→ **Exercise prompt**
From the listing below, give again exactly the lines from the line with "So this is how" to the line with "If you can't", ends included, without any pictures.

→ **Records for this task**
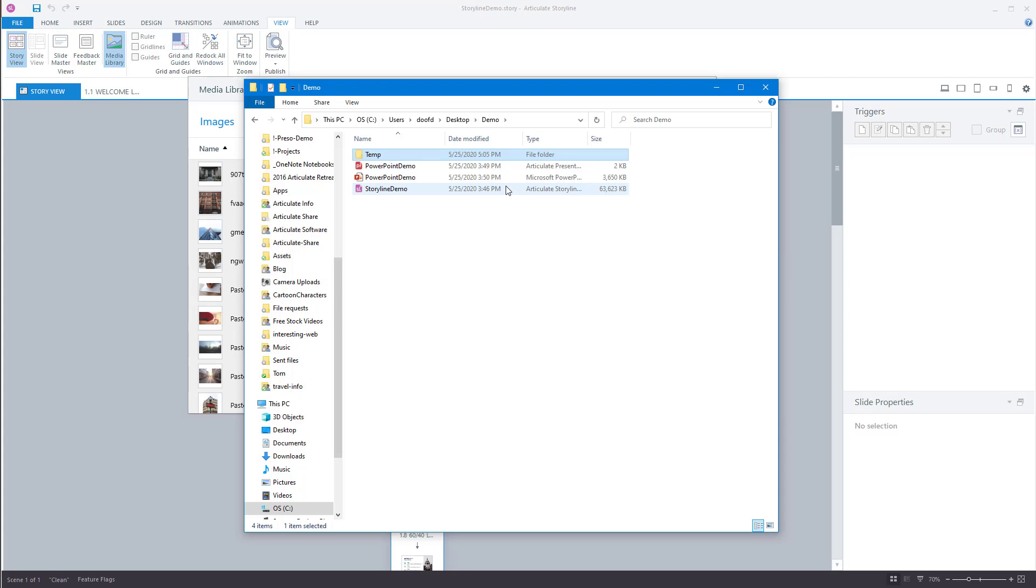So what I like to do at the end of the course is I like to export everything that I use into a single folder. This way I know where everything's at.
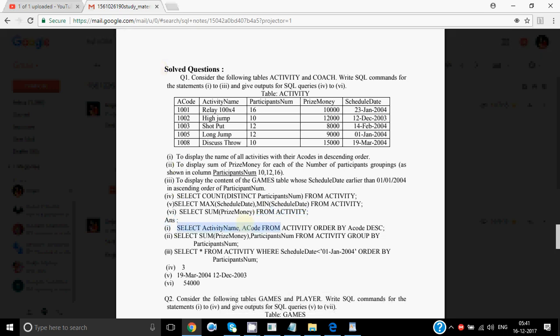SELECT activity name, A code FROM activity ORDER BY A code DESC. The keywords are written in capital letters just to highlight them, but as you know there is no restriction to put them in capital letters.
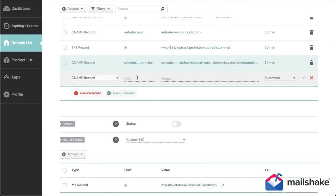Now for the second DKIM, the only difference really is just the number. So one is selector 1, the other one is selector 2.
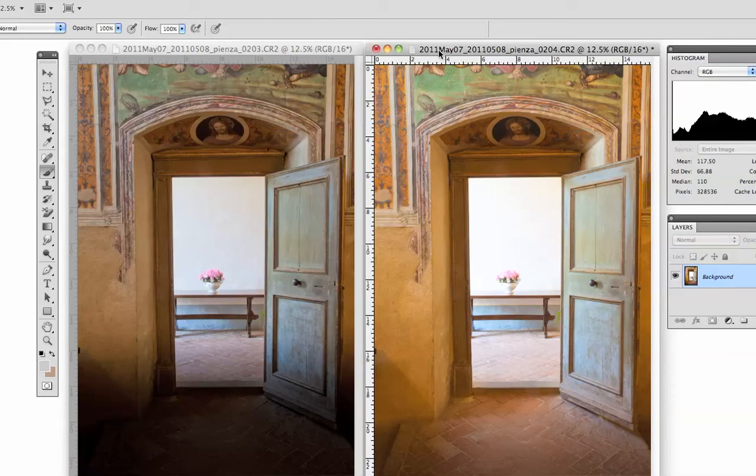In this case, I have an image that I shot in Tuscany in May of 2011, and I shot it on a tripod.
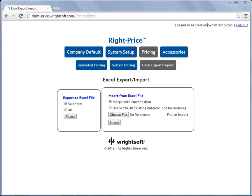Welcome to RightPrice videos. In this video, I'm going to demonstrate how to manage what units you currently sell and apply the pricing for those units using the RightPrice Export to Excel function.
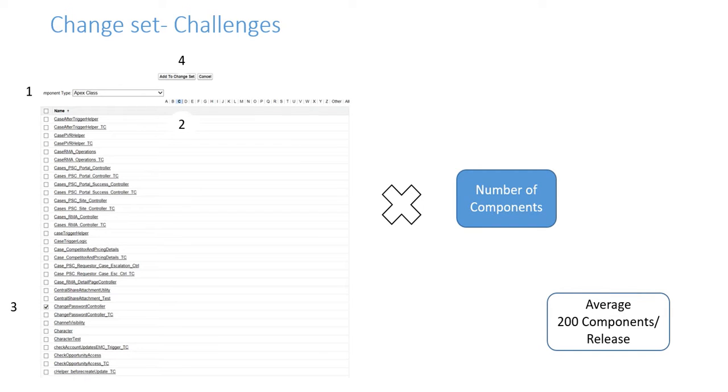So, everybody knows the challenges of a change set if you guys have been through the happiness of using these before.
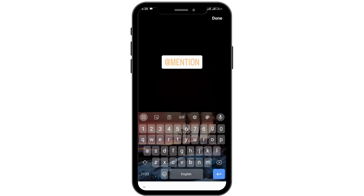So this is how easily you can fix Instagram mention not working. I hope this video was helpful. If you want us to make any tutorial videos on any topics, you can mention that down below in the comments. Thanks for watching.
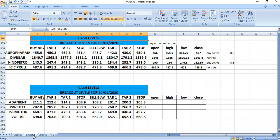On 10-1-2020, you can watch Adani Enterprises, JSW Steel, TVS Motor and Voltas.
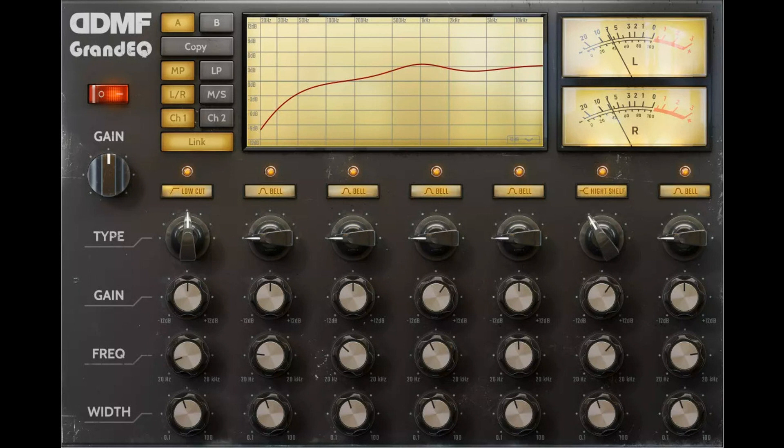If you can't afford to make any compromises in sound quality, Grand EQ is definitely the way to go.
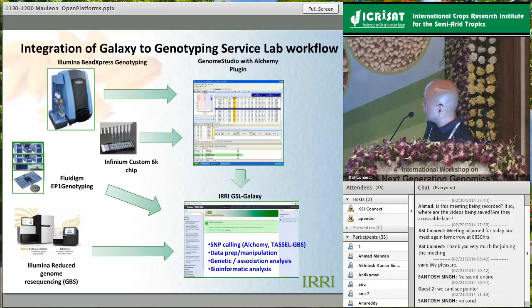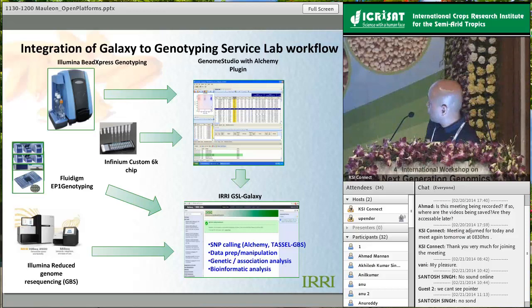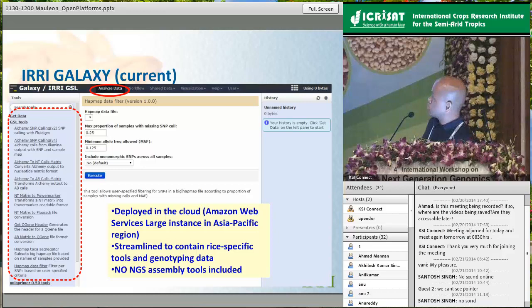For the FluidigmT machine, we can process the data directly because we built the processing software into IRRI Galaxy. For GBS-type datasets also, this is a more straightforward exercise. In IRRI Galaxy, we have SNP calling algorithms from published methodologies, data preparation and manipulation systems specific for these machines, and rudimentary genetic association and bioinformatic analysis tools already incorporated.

→ **Solution**
So this is how easily you can fix Instagram mention not working. I hope this video was helpful. If you want us to make any tutorial videos on any topics, you can mention that down below in the comments. Thanks for watching.
On 10-1-2020, you can watch Adani Enterprises, JSW Steel, TVS Motor and Voltas.
If you can't afford to make any compromises in sound quality, Grand EQ is definitely the way to go.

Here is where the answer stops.